╭─ Data supplied
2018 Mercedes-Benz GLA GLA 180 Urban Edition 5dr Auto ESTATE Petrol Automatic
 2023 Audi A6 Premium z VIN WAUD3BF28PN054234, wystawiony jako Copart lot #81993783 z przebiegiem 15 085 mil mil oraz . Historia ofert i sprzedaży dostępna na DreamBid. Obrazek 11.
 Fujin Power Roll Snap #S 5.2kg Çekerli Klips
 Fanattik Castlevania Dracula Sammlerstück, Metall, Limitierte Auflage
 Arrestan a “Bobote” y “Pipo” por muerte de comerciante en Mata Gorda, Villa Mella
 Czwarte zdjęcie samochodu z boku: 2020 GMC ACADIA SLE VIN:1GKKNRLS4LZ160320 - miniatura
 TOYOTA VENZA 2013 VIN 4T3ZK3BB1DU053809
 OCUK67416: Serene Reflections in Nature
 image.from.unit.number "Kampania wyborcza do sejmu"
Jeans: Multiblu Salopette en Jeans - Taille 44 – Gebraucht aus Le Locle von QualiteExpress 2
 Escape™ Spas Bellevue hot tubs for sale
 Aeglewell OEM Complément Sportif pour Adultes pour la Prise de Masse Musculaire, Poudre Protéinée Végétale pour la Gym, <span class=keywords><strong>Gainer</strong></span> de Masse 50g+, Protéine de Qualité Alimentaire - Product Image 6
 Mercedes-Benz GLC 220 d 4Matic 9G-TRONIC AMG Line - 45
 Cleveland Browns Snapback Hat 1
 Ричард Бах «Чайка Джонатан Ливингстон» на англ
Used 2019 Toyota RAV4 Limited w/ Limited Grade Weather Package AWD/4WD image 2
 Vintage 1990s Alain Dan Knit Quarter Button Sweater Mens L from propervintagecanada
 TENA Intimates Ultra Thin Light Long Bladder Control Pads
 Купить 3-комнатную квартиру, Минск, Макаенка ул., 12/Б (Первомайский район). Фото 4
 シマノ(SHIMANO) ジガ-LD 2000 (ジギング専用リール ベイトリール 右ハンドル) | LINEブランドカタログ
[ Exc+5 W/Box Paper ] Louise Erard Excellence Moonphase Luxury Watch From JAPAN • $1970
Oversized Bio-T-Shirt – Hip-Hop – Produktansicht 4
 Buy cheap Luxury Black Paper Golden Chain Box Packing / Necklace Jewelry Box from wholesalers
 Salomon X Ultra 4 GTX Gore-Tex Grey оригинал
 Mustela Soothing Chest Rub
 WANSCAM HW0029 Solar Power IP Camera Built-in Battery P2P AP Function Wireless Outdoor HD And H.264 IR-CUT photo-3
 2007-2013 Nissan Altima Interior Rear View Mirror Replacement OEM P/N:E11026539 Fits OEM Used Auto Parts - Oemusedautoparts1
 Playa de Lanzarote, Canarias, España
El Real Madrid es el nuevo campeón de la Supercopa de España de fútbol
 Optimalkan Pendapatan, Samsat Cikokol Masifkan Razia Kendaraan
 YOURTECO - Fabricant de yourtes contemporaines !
╰─
> _Your objective_
All lines of the data above that include the word "Benz" must be shown.

> _Task output_
2018 Mercedes-Benz GLA GLA 180 Urban Edition 5dr Auto ESTATE Petrol Automatic
 Mercedes-Benz GLC 220 d 4Matic 9G-TRONIC AMG Line - 45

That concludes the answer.